**Given material**

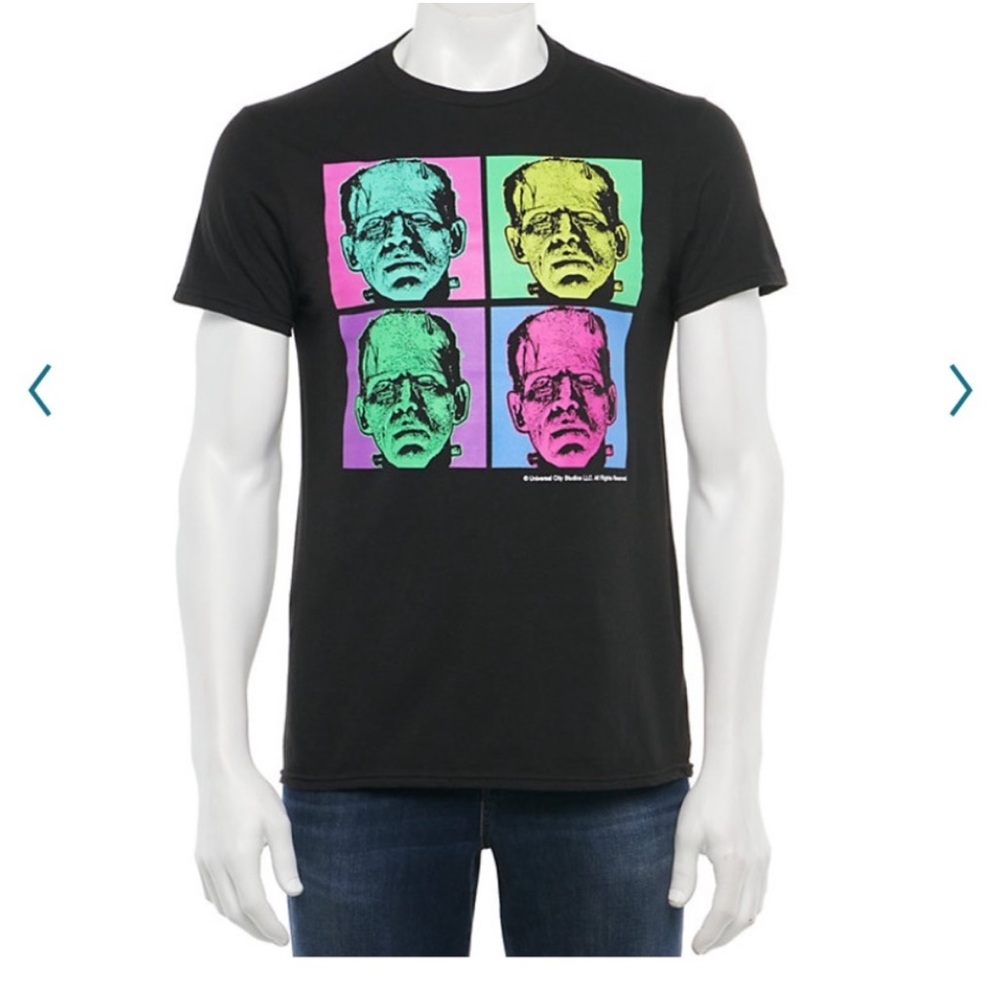 Hot Topic Universal Monsters Frankenstein‎ Pop Art Graphic T-Shirt Black Medium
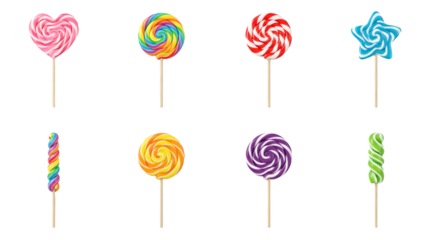 Colorful lollipop set including heart, star, round, and spiral swirl hard candy shapes isolated. Sweet treat and confectionery collection.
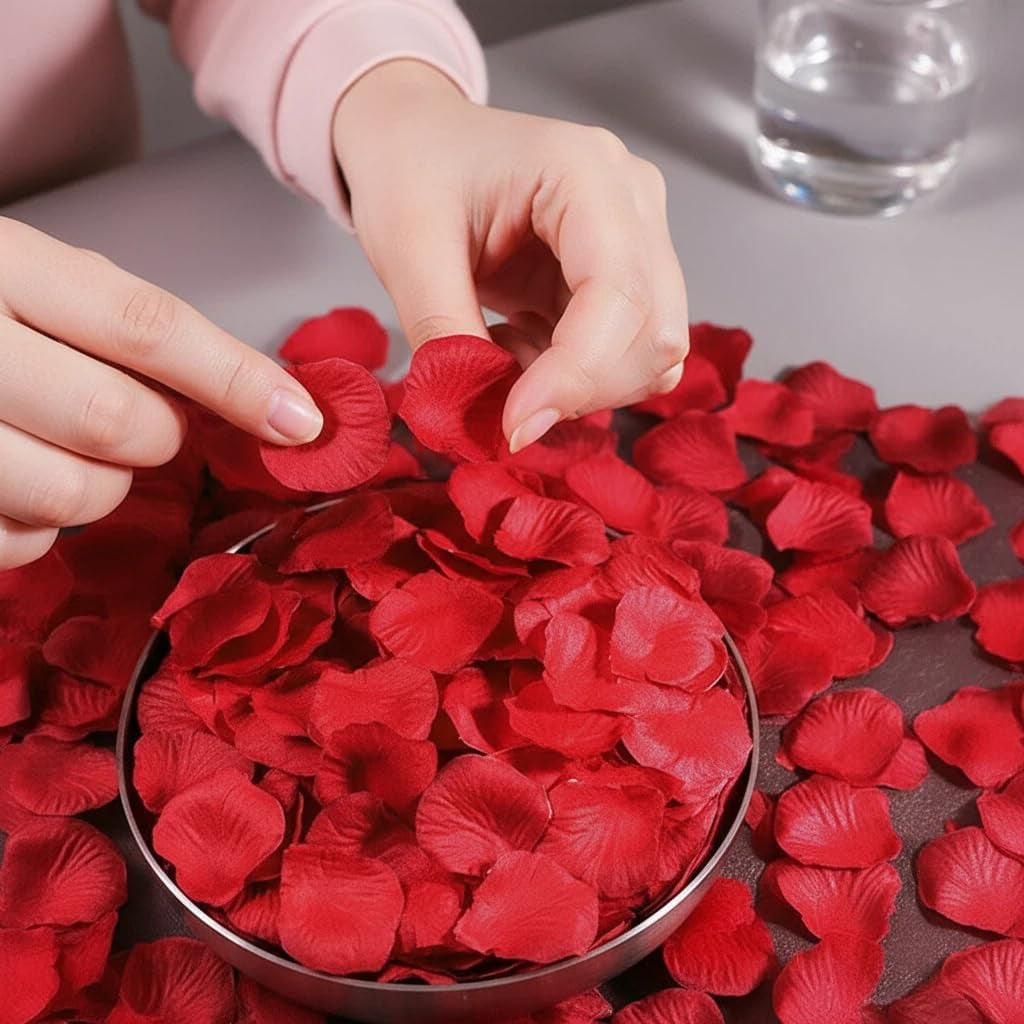3000PCS Red Rose Petals for Romantic Night for Her Set, Artificial Roses Flower Petals for Romantic Night, Valentines Day Decor and Wedding, Event, Party, Decorations, Decoration Wedding Party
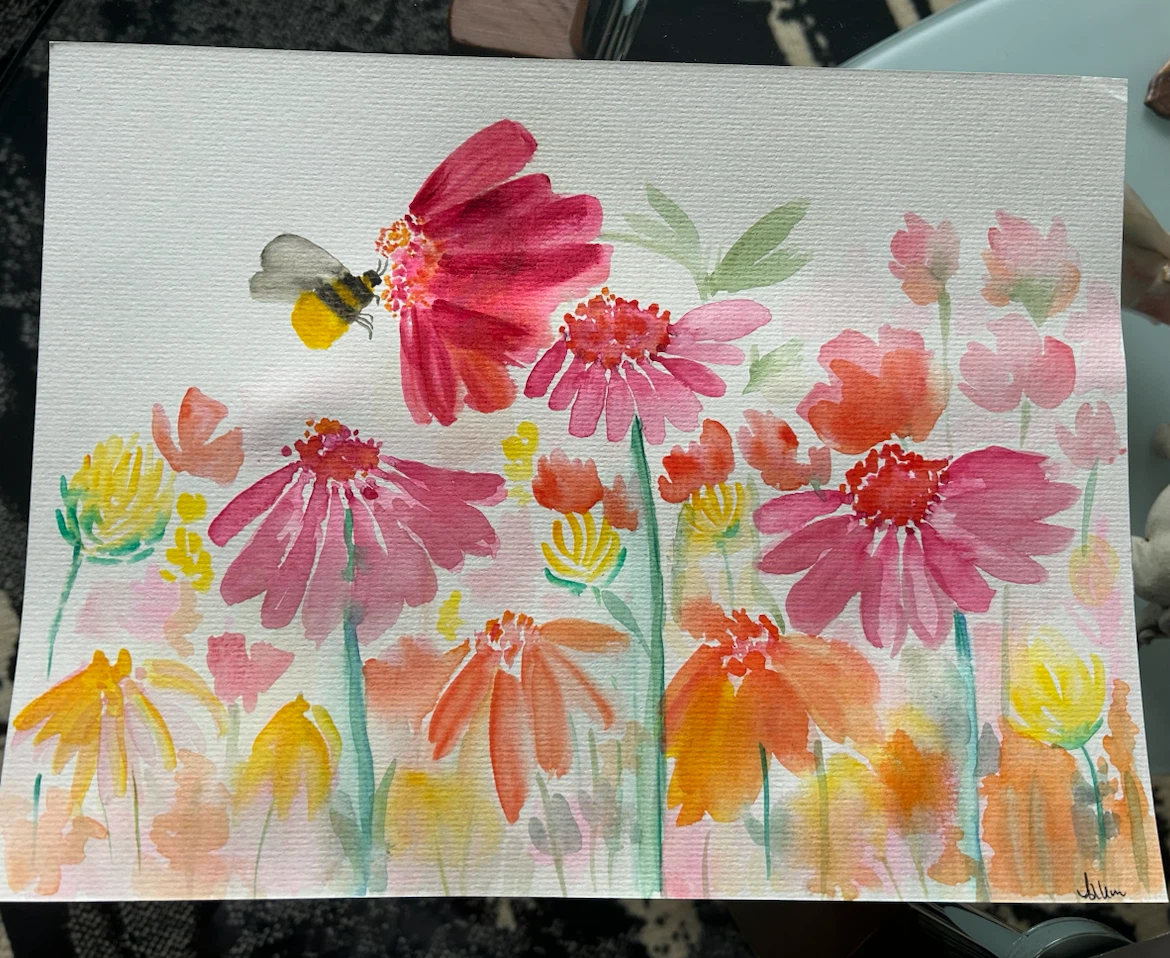 Watercolor Painting of Bee and Flowers 12x9 - photo 3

**Your assignment**
Return all of the material exactly, without pictures.

**Task response**
 Hot Topic Universal Monsters Frankenstein‎ Pop Art Graphic T-Shirt Black Medium
 Colorful lollipop set including heart, star, round, and spiral swirl hard candy shapes isolated. Sweet treat and confectionery collection.
3000PCS Red Rose Petals for Romantic Night for Her Set, Artificial Roses Flower Petals for Romantic Night, Valentines Day Decor and Wedding, Event, Party, Decorations, Decoration Wedding Party
 Watercolor Painting of Bee and Flowers 12x9 - photo 3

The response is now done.